Politisches Interesse zeigte sich auch später in Ihrer Trainerlaufbahn, in der Sie sich des Öfteren zu aktuellen Themen geäußert haben.
Streich: Ja, auf jeden Fall. Es ist mir wichtig, ein politischer Mensch zu sein und über das Zeitgeschehen zu reflektieren und zu versuchen, es in geschichtliche Kontexte zu setzen, Parallelen zu erkennen. Da hat auch das Studium sehr geholfen. Geäußert habe ich mich, weil ich von Journalist*innen gefragt wurde. Und wenn ich gefragt werde, will ich nicht immer sagen, dass ich mich zu bestimmten Themen nicht äußere. Dabei war mir bewusst, dass ich als Fußballtrainer auch eine gewisse Reichweite habe und Menschen erreichen kann.
Nach dem Studium folgte das Referendariat, das Sie jedoch nicht beendeten, um sich dem Fußball zuzuwenden.

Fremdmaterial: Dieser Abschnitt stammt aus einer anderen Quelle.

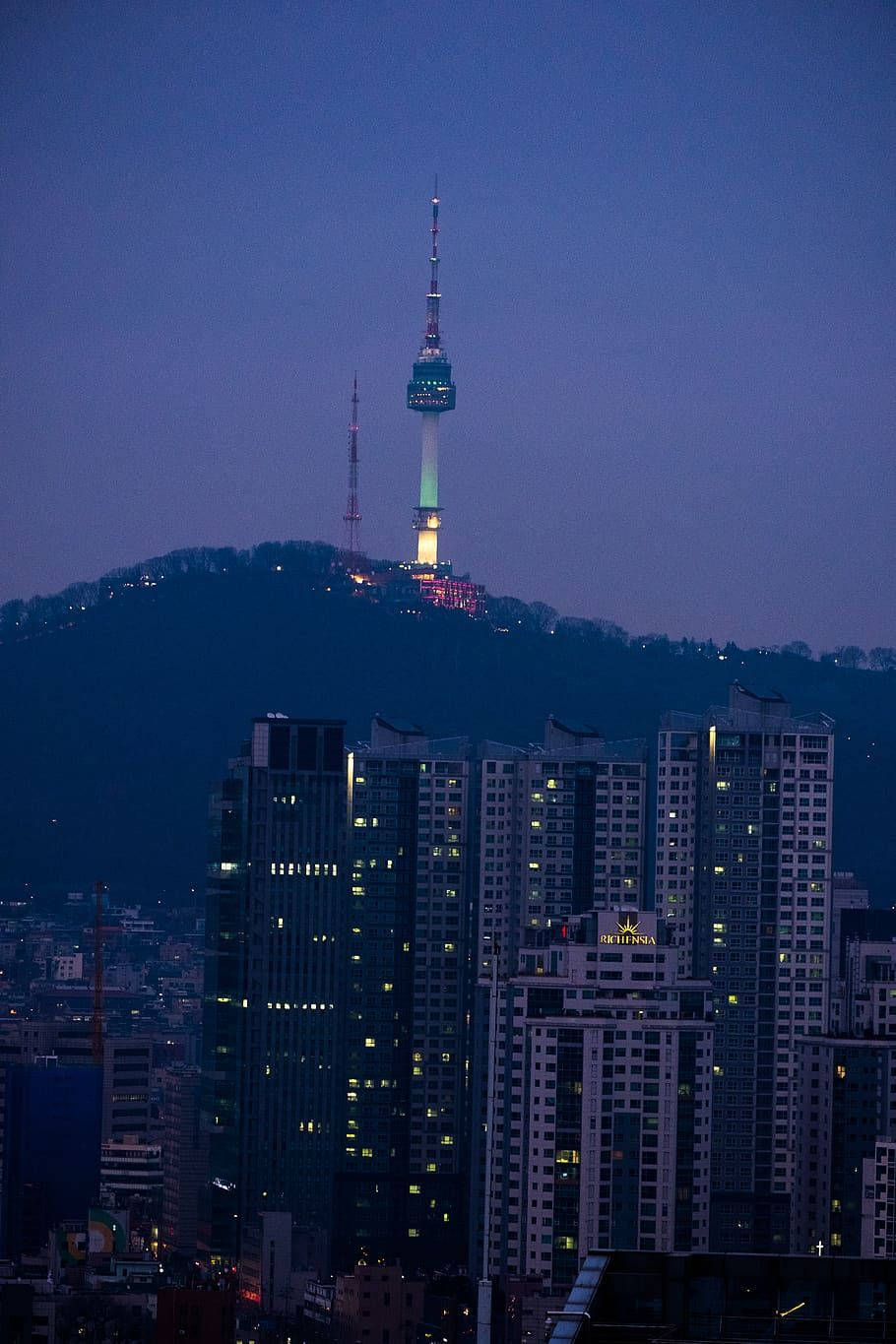korean 桌布 壁紙 — 黃昏城市景觀，亮燈的N首爾塔矗立在山丘上，俯瞰著發光的高層建築。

Streich: Ich habe das Referendariat begonnen, war da aber schon A-Jugend-Trainer. Das war sehr intensiv, weil es mit der Professionalisierung der Jugendarbeit im deutschen Fußball einherging, wodurch auch Arbeitsplätze entstanden. Sonntags waren die Spiele, verknüpft mit einer hohen Emotionalität und Fokussierung. Im Kontrast dazu das Referendariat und die dafür nötige Vorbereitung. Das war schwer zu vereinbaren für mich, auch mental. Letztlich entschied ich mich nach zweieinhalb Monaten dazu, Jugendtrainer zu werden.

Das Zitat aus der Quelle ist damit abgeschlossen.